=== PROVIDED RECORDS ===

════

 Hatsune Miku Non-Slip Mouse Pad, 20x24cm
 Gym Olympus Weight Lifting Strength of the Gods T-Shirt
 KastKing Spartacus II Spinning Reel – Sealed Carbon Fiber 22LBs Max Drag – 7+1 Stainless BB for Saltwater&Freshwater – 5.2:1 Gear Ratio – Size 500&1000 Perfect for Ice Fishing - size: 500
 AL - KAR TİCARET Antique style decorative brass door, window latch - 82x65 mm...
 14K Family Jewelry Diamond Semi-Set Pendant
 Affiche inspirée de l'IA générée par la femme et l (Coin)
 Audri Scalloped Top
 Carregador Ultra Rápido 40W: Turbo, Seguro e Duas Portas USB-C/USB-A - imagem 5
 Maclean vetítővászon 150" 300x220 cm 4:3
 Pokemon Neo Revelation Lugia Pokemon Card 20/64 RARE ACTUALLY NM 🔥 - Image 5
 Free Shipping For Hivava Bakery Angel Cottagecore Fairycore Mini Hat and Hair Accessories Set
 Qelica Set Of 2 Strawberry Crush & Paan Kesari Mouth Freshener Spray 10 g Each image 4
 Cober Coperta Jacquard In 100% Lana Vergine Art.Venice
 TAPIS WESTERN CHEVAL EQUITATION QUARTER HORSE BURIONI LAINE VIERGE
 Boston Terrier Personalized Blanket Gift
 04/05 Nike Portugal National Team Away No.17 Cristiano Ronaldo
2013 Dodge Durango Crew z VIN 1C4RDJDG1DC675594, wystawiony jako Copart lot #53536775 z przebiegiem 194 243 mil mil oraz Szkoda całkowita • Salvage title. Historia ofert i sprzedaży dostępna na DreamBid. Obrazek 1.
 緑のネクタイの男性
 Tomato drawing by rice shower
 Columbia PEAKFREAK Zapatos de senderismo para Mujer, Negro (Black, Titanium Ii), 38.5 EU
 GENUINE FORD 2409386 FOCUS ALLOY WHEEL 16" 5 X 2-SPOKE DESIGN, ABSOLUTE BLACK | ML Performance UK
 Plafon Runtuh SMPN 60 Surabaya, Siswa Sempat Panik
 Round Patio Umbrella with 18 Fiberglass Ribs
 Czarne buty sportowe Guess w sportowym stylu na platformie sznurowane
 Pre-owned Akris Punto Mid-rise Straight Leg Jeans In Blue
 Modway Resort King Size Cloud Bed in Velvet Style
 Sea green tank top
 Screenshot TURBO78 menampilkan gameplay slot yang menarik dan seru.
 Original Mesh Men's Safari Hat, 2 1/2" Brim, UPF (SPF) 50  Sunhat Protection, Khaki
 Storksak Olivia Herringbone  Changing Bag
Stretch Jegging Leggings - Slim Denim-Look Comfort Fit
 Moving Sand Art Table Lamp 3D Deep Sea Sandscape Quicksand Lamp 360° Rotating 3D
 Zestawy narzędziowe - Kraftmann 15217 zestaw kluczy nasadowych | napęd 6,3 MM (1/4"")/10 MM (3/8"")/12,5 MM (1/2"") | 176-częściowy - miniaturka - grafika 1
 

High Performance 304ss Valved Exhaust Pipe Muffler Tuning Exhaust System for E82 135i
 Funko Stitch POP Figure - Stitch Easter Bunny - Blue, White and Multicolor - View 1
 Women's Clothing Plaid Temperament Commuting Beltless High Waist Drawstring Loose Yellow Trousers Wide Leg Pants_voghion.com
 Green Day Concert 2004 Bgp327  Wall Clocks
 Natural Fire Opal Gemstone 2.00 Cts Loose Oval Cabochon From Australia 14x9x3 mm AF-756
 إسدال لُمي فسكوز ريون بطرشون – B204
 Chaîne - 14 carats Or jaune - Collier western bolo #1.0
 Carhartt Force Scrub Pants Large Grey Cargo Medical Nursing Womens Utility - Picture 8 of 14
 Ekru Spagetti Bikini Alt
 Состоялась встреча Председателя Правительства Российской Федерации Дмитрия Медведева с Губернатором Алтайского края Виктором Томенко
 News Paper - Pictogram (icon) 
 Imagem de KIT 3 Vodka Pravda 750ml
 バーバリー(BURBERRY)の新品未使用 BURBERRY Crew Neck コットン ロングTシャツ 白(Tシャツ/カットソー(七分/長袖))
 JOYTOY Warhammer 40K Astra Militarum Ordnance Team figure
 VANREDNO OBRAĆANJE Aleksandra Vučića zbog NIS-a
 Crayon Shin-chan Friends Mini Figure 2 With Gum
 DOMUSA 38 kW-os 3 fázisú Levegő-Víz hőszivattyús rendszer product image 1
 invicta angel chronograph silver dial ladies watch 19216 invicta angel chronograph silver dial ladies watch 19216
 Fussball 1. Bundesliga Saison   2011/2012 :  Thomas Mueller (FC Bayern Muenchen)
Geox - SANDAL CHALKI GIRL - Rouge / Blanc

════

=== PROMPT ===
Pull every line containing the string "Size" out of the data above and copy it.

=== TASK SOLUTION ===
 KastKing Spartacus II Spinning Reel – Sealed Carbon Fiber 22LBs Max Drag – 7+1 Stainless BB for Saltwater&Freshwater – 5.2:1 Gear Ratio – Size 500&1000 Perfect for Ice Fishing - size: 500
 Modway Resort King Size Cloud Bed in Velvet Style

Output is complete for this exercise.